If there is one central theme that undergirds all aspects of the Benedictine Renewal Program, it is that of considering a text, a practice, a tradition within the context in which it arose. For The Rule of Saint Benedict, that means understanding the classical culture of Rome into which Christianity was born, and its ongoing effects through its influence on Christian scripture that. Studying in Rome, we have the chance to see what remains of that ancient Roman culture, and – at least in our imaginations – to experience it as people of the time did. Sister Kym Harris, OSB got us started on that path on 25 May.
The writers of the New Testament, she said, brought the reality of their everyday lives as subjects of the Roman Empire – whether citizens like St. Paul or conquered peoples like the Jewish disciples – into the images and language of their writing as
- positive elements (symbols and ideas)
- negative elements (symbols and ideas)
- transformed elements (experienced as negative but, in Christian perspective, turned around to become positive)
Some Romans are portrayed positively in the New Testament writings – the centurion at the crucifixion in Mark’s Gospel is the person whose heart is changed (when?) and proclaims that Jesus was the son of God. St. Paul, in his early letters, seems to have had an idealistic appreciation of Rome’s order and structure, of its system of laws, of the buildings and roads and aqueducts – so much so that he preferred to be tried by Roman law than Jewish law. Even in his later letters, imprisoned for years, he uses the symbolism of Roman power to express Christ’s power: rather than the mandated bending of the knee before the emperor, he says in his letter to the Philippians, Christians willingly, joyfully bend the knee to acknowledge the greatness of Christ.
The negative elements of ancient Rome – the impoverishment of peoples to build the Roman forum and all the building projects, the violence of war, the lust for blood and destruction are all present in the Book of Revelation – where they are brought to an end.

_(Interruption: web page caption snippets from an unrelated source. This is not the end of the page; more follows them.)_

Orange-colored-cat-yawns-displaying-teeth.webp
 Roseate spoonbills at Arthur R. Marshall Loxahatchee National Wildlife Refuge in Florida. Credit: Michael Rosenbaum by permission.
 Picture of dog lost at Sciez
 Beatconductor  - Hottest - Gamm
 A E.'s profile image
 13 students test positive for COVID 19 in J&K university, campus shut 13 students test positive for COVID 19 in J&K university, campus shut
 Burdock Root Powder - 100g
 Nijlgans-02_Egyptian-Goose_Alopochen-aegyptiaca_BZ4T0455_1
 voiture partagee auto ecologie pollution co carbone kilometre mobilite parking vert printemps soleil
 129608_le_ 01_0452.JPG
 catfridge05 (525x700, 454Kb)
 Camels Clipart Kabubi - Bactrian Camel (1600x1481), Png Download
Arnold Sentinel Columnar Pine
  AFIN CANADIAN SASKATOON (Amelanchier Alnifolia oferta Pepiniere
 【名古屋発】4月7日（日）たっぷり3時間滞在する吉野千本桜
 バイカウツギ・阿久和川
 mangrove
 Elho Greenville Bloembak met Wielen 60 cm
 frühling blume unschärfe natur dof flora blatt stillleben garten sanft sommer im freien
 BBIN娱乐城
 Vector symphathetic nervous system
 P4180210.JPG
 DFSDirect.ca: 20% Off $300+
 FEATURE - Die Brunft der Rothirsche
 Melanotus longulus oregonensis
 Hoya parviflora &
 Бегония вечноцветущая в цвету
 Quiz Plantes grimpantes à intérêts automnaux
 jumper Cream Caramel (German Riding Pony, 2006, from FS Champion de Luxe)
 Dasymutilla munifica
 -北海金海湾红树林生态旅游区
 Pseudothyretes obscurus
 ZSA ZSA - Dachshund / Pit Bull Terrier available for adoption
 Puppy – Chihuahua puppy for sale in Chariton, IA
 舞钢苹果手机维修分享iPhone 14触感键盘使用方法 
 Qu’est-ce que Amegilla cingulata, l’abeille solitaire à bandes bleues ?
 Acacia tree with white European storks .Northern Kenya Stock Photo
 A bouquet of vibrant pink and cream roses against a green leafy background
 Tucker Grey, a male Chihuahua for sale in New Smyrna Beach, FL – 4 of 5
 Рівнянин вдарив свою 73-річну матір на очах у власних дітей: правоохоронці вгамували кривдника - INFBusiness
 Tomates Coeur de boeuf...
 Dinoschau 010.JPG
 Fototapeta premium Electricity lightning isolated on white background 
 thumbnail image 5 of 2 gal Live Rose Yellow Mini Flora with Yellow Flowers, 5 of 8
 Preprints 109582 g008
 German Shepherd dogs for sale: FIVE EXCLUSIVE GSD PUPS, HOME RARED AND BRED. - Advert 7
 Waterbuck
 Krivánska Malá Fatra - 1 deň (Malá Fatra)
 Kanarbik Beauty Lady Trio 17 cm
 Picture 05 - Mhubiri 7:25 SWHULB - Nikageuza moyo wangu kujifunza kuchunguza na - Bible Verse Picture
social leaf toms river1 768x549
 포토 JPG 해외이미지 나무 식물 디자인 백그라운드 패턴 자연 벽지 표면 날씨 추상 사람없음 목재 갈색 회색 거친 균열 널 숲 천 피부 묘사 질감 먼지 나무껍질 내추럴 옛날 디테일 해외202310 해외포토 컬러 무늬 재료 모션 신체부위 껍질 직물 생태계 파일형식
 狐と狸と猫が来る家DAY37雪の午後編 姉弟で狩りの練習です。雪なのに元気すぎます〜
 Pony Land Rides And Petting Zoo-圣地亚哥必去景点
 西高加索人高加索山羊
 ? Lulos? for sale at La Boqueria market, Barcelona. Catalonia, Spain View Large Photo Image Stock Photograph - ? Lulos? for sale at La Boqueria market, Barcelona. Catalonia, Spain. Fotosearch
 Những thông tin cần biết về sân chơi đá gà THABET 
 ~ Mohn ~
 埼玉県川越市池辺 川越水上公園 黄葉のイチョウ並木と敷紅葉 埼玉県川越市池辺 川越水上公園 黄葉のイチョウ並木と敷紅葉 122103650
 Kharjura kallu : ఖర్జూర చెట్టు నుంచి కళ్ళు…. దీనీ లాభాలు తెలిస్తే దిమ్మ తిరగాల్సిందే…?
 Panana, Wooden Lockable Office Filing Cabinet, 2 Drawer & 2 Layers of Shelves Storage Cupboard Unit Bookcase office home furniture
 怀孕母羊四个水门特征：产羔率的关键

The most interesting passages are those where the negative is transformed. Where the Romans marched prisoners, now slaves, captured in battle under a triumphal arch whose carvings depict their wretched status, Jesus – in Matthew 25 – describes a separating of his followers in a procession to eternal life. And who will be in this procession? Those who visited the prisoner, cared for the widow and orphan, and tended the sick: those who were kind to the people Rome had oppressed.
Many other elements of Roman culture illuminate the language of the New Testament. Certain types of clothing were reserved to particular ranks, making Jesus’ admonition not to be concerned with clothing even more powerful. Luke uses the events of the Roman Empire to situate the coming of Jesus: the rule of particular emperors and consuls, and constantly raises questions about the interplay between Rome and Christianity.
The morning’s presentation certainly became more real as we spent the afternoon traveling to the Coliseum – probably more blood per square foot was shed inside that space than anywhere else on earth – and the other ruins of the ancient Roman forum.